== Segment start ==

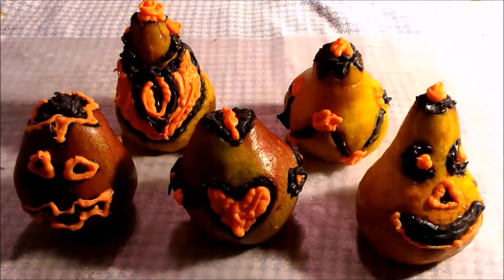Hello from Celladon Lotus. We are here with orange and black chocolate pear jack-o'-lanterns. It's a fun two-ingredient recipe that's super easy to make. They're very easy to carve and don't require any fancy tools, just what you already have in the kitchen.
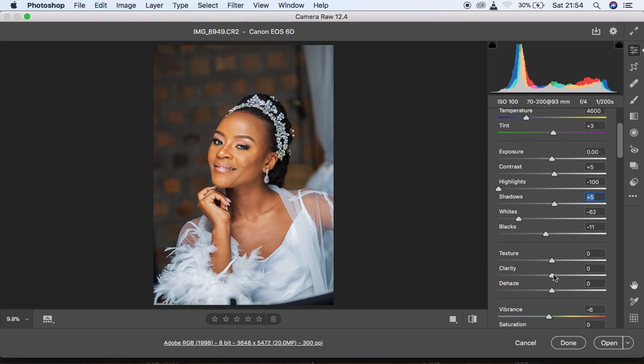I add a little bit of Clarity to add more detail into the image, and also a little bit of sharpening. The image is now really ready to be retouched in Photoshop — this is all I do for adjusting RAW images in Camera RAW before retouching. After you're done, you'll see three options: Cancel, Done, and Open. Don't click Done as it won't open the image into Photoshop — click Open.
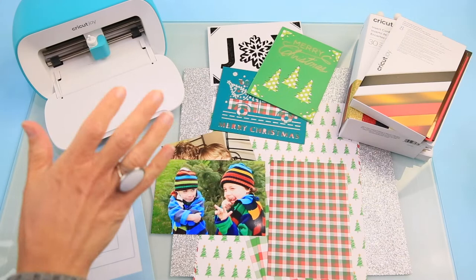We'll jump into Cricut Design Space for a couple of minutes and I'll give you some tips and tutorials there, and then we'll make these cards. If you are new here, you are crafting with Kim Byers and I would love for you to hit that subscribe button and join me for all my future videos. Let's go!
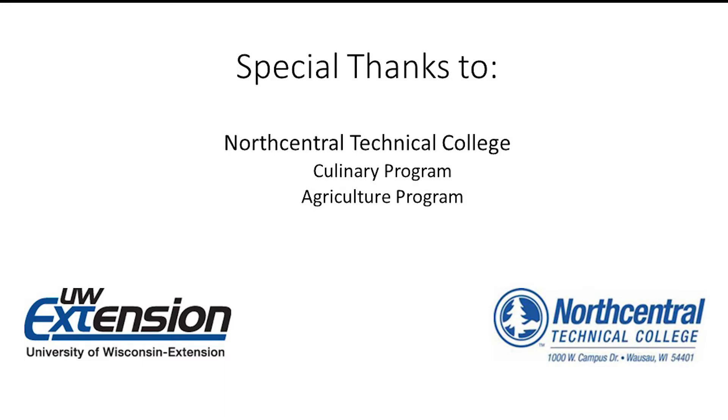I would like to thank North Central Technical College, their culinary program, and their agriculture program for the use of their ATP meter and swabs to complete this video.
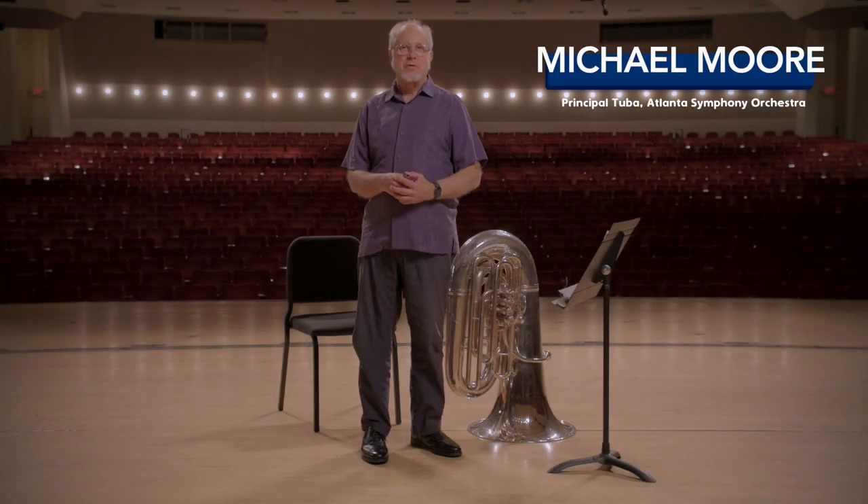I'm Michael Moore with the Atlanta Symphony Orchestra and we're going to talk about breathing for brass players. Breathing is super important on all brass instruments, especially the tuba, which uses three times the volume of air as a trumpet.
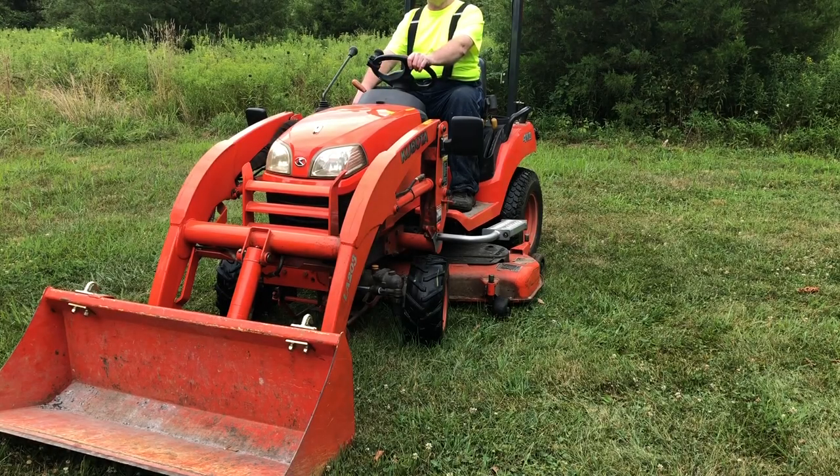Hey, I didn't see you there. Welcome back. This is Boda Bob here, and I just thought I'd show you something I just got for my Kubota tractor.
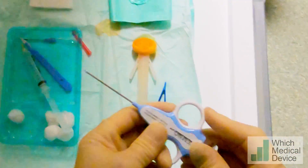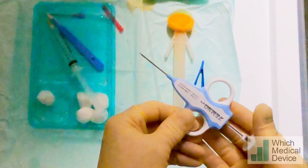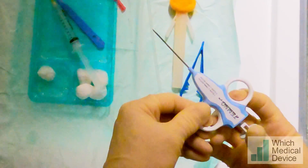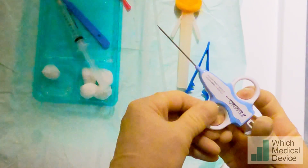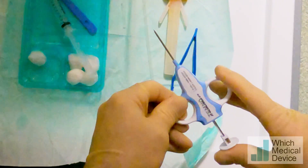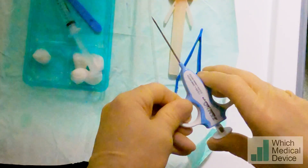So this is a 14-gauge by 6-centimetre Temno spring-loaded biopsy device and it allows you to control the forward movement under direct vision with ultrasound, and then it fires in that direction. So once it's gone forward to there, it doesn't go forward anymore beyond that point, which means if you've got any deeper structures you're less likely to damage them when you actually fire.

== Segment end ==

> **YOUR TASK**: Please copy out the whole listing exactly as it stands, minus the pictures.

> **SOLUTION FOR THIS TASK**:
Hello from Celladon Lotus. We are here with orange and black chocolate pear jack-o'-lanterns. It's a fun two-ingredient recipe that's super easy to make. They're very easy to carve and don't require any fancy tools, just what you already have in the kitchen.
I add a little bit of Clarity to add more detail into the image, and also a little bit of sharpening. The image is now really ready to be retouched in Photoshop — this is all I do for adjusting RAW images in Camera RAW before retouching. After you're done, you'll see three options: Cancel, Done, and Open. Don't click Done as it won't open the image into Photoshop — click Open.
We'll jump into Cricut Design Space for a couple of minutes and I'll give you some tips and tutorials there, and then we'll make these cards. If you are new here, you are crafting with Kim Byers and I would love for you to hit that subscribe button and join me for all my future videos. Let's go!
I would like to thank North Central Technical College, their culinary program, and their agriculture program for the use of their ATP meter and swabs to complete this video.
I'm Michael Moore with the Atlanta Symphony Orchestra and we're going to talk about breathing for brass players. Breathing is super important on all brass instruments, especially the tuba, which uses three times the volume of air as a trumpet.
Hey, I didn't see you there. Welcome back. This is Boda Bob here, and I just thought I'd show you something I just got for my Kubota tractor.
So this is a 14-gauge by 6-centimetre Temno spring-loaded biopsy device and it allows you to control the forward movement under direct vision with ultrasound, and then it fires in that direction. So once it's gone forward to there, it doesn't go forward anymore beyond that point, which means if you've got any deeper structures you're less likely to damage them when you actually fire.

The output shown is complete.